- [INPUT MATERIAL]

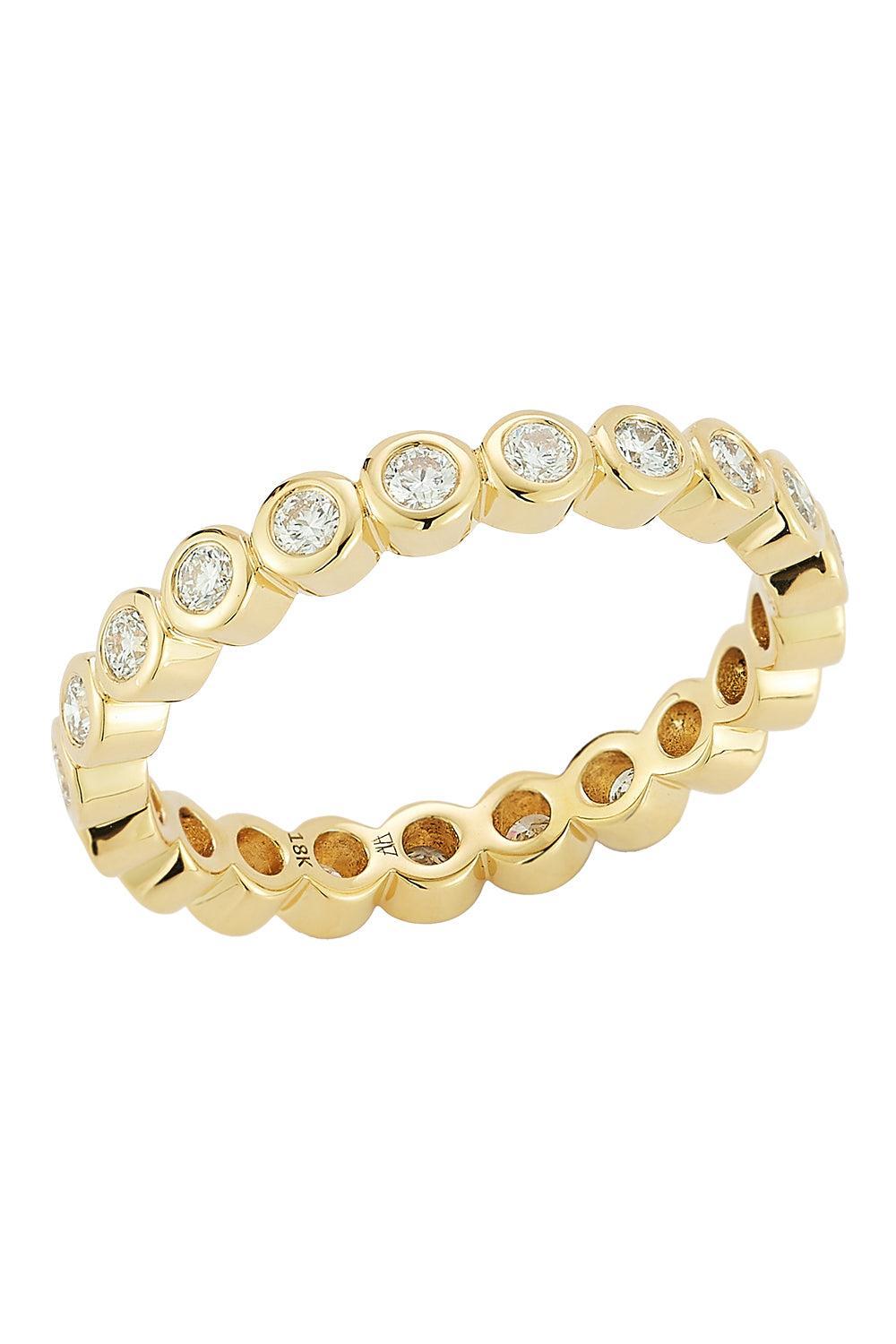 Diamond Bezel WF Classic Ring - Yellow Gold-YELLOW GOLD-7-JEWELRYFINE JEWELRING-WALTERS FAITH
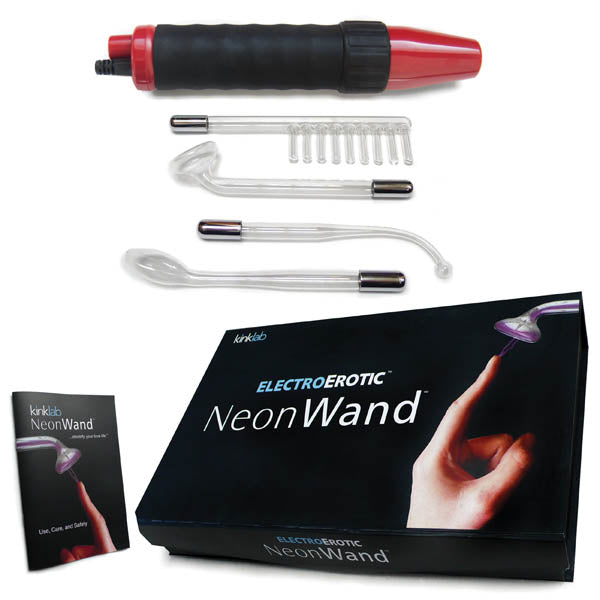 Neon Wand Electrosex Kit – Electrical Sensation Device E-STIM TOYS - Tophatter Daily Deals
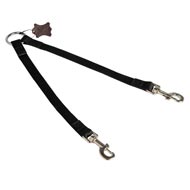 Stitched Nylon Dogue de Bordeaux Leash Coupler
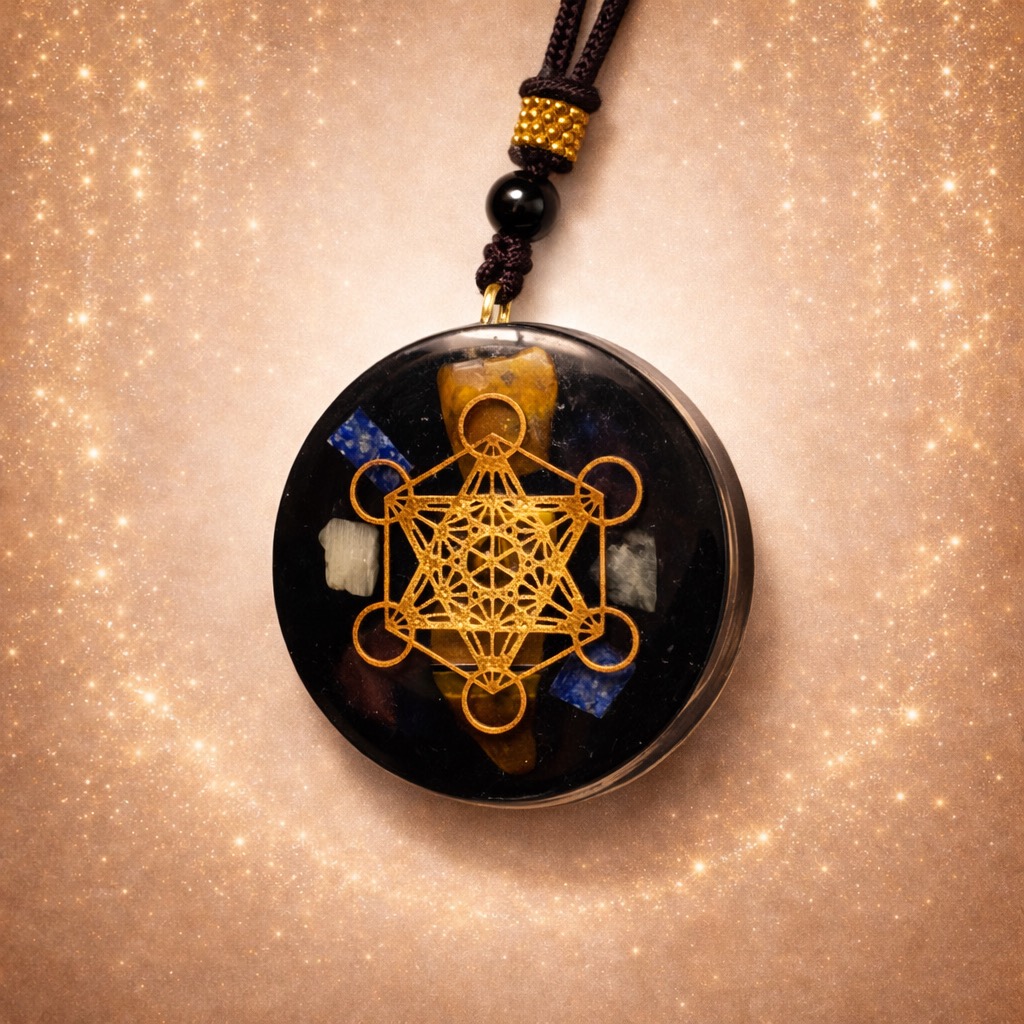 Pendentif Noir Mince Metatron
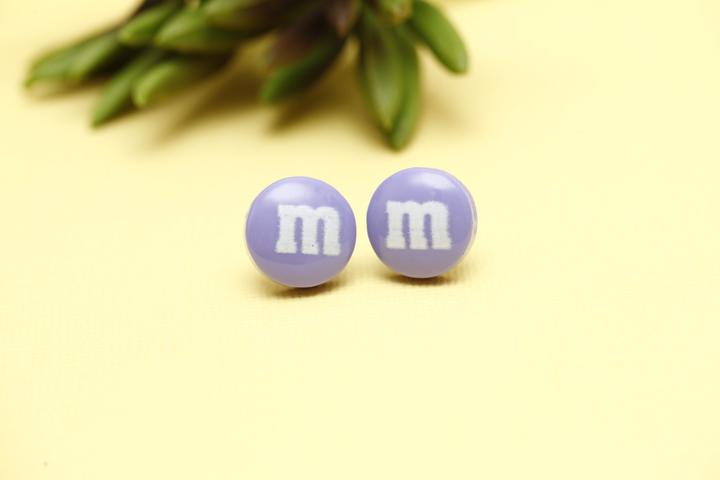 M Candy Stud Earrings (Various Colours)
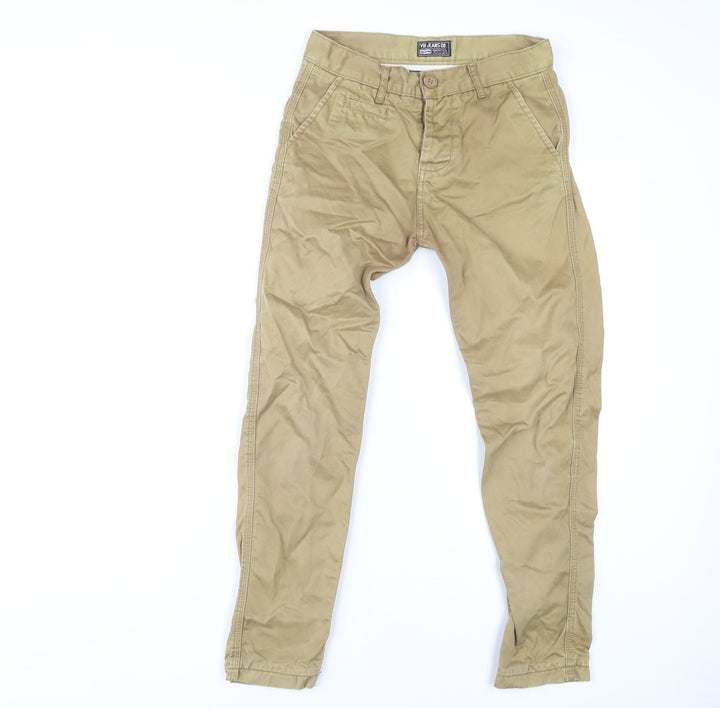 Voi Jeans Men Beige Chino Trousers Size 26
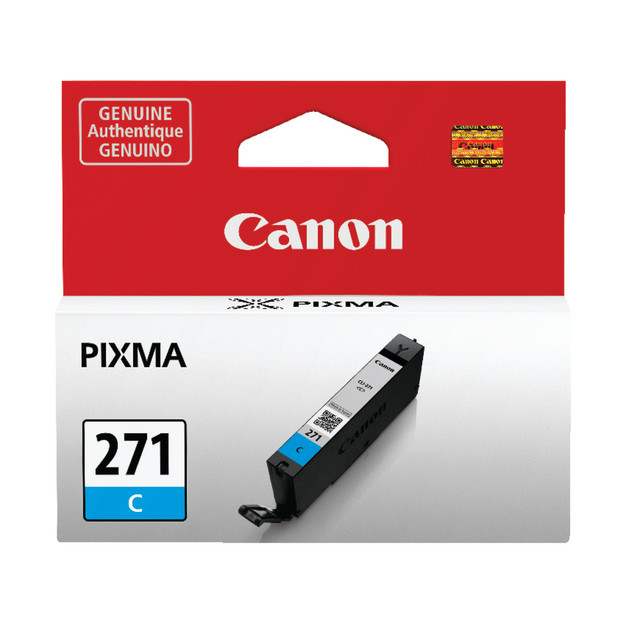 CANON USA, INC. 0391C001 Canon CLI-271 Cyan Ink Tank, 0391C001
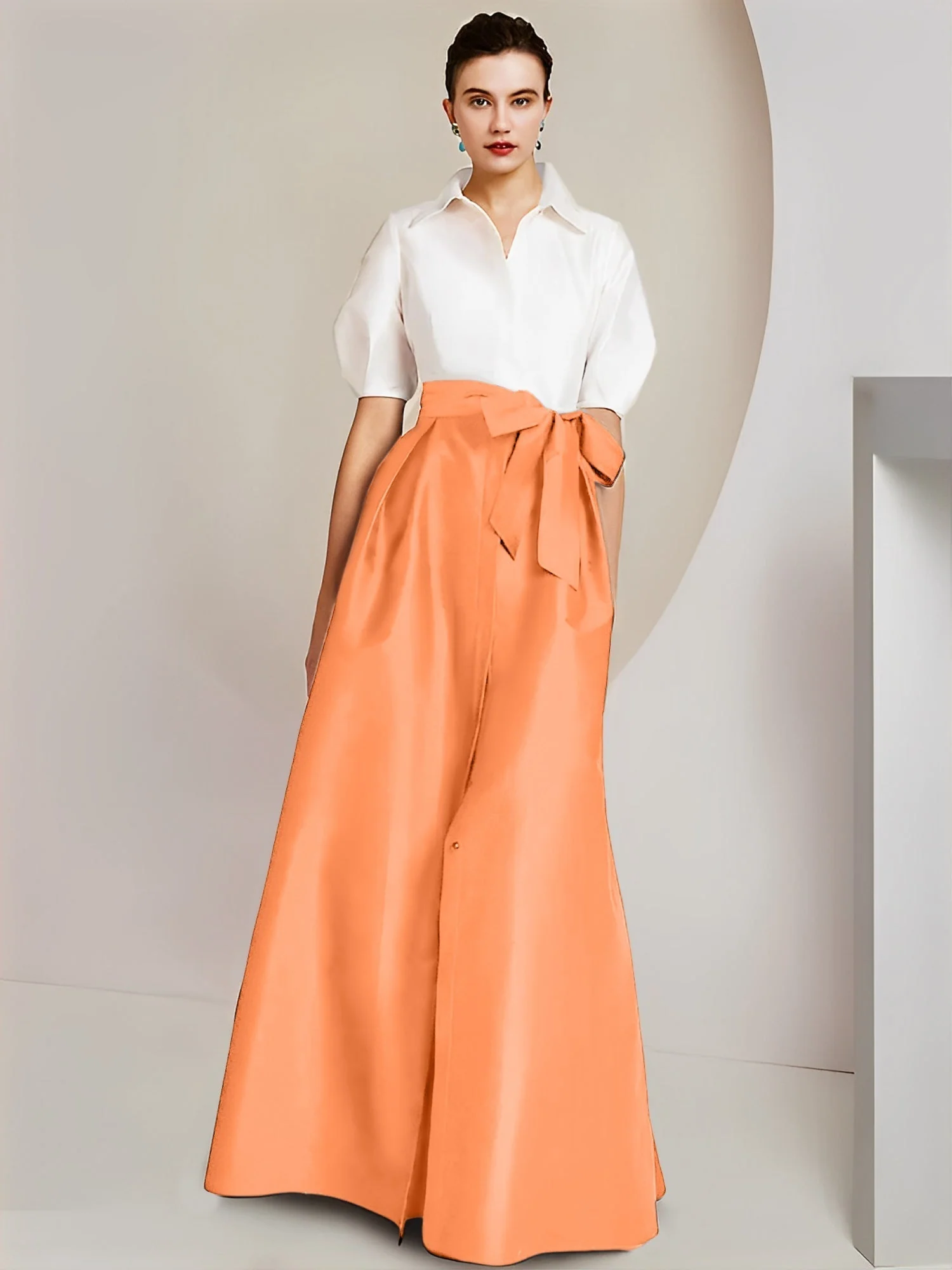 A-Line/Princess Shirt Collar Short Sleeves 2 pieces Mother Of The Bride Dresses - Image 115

- [WHAT THE TASK ASKS] Where a line contains "M Candy Stud Earrings (Various Colours)", begin there and set down exactly each line through the end of the data above, omitting any pictures.

- [SOLUTION TO THE EXERCISE]
 M Candy Stud Earrings (Various Colours)
 Voi Jeans Men Beige Chino Trousers Size 26
 CANON USA, INC. 0391C001 Canon CLI-271 Cyan Ink Tank, 0391C001
 A-Line/Princess Shirt Collar Short Sleeves 2 pieces Mother Of The Bride Dresses - Image 115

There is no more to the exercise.